Short text fragments from websites:
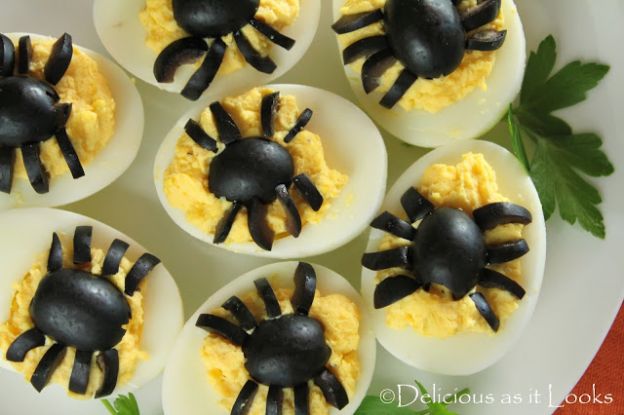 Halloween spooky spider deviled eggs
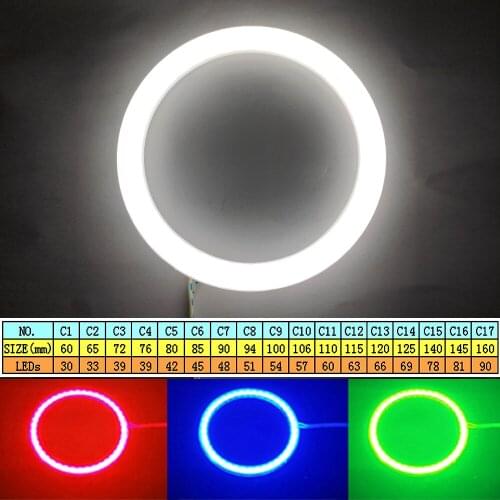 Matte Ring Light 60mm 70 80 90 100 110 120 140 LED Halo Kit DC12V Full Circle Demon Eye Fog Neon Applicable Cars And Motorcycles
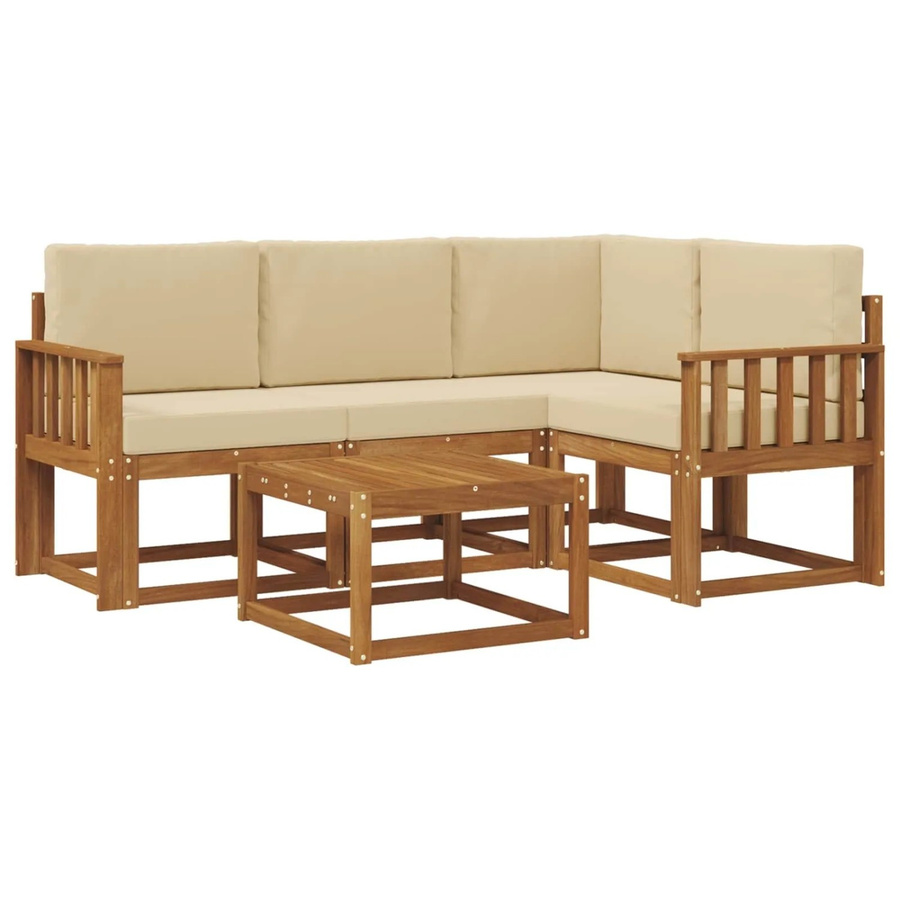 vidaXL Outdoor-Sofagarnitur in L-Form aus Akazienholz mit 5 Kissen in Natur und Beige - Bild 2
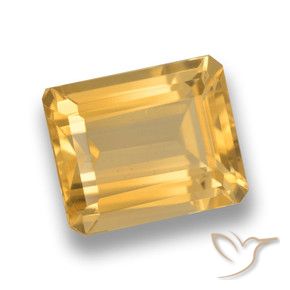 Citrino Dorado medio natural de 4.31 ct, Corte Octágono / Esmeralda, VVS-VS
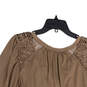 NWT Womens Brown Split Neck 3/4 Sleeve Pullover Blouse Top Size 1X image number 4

WHAT YOU NEED TO DO:
Quote exactly, and nothing besides, the lines from the one with "vidaXL Outdoor-Sofagarnitur in" through the end of the records above; include both ends and omit the pictures.

RESPONSE FOR THIS EXERCISE:
 vidaXL Outdoor-Sofagarnitur in L-Form aus Akazienholz mit 5 Kissen in Natur und Beige - Bild 2
 Citrino Dorado medio natural de 4.31 ct, Corte Octágono / Esmeralda, VVS-VS
 NWT Womens Brown Split Neck 3/4 Sleeve Pullover Blouse Top Size 1X image number 4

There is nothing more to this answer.